Friday, June 8, 2012

Charles Darwin's On The Origin of Species- Part 3

“The finger of God never leaves identical fingerprints.” -Stanislaus Lec

I had intended to break this book into four blog entry responses, but enthusiasm got the better of me and I finished the whole thing over the past few days.  So, this is the conclusion.

Darwin was wrong about one thing, although it was something that everyone was wrong about in his day and for a long time afterward.  He spent a great deal of this section writing about geology and he has no concept of tectonic plates or of Pangea, a relatively new scientific understanding.  (Fun fact: Did you know that one of the last things Albert Einstein ever wrote was the foreword to a book about the coming polar shifts?  The major hypothesis of how it was to happen in that book relied on a pre-tectonic plate understanding of the Earth's crust.)   Darwin then sets up and jumps through a lot of hoops in the latter half of the book to explain how different species came to be located in different places on the planet.  This leads to what I found to be some of the more entertaining portions of the entire text. 

Some of the sections that I found most interesting involved experiments that Darwin carried out to see how long diverse and sundry seeds could float in salt water and still germinate.  He observes how many and often seeds are found stuck to the feet of birds.  This suggests an extremely old Earth from the law of averages of how often seeds would stick to the feet of birds or float across the sea for us to find similar flora in different lands.  He talks about a time on the Beagle when a bird blew onto their deck, confused and very far from home as he knew it to be a landlocked bird from far far away.
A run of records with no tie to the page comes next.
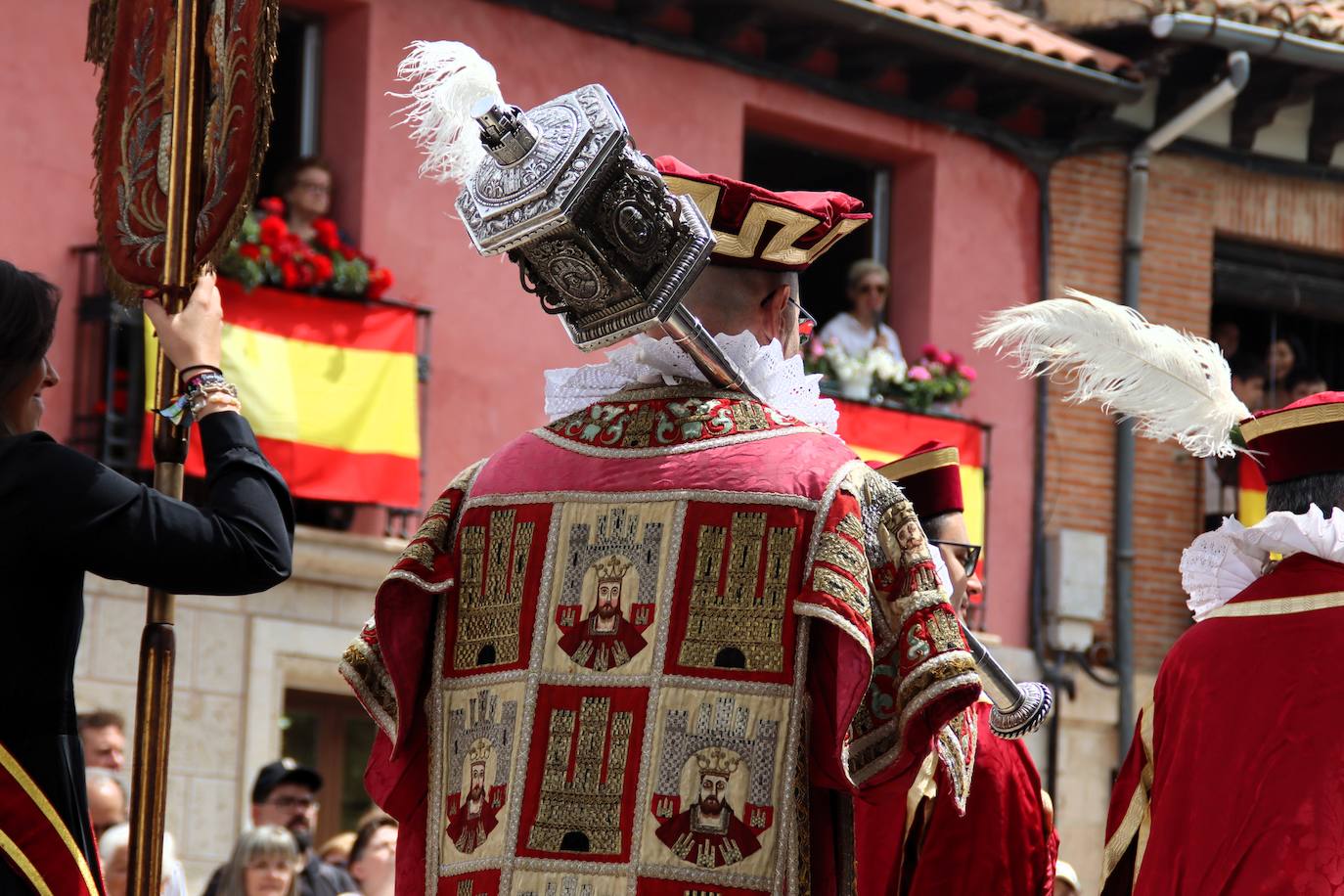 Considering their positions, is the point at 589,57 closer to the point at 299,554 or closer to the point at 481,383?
the point at 481,383

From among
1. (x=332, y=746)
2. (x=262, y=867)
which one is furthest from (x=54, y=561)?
(x=332, y=746)

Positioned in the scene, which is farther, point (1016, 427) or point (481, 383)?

It is also important to mention his repeated referral to the imperfection of our geological record (and that the geological record is intermittent).  He was correct.  The geological record was imperfect and, as it fleshed out over the following 150 years, turned out to support his theory far more than he likely would even have imagined.  At the end of the book (and I mean within the last 5 pages) he slips dangerously close to a polemic.  He has a great deal to say to the special creation crowd, but he also reserves some fire for geologists, essentially haranguing them to get their act together.

There is also a section on hybridism.  In one portion he talks about diversity strengthening species (as in diverse groups within the species procreating leading to stronger individuals).  I hear that this was a special point of concern for Darwin as he worried that having married his first cousin might have been related to the poor health and early deaths of some of their own children.

The section on extinction was a bit archaic as well.  At one point he writes "...the utter extinction of a group is generally, as we have seen, a slower process than its production."  In the margin I wrote "Yeah, not so much anymore!"  Which leads to a modern given that seems to have been entirely beyond the imagination of Mr. Darwin, that is to say the destructive capacity of humankind.  To read this biologist writing in a time before one could even think that humankind has it within their grasp to kill every living thing on the planet reminds me of looking into the face of my grandchild and wondering what it was like to be unaware that one day you will die.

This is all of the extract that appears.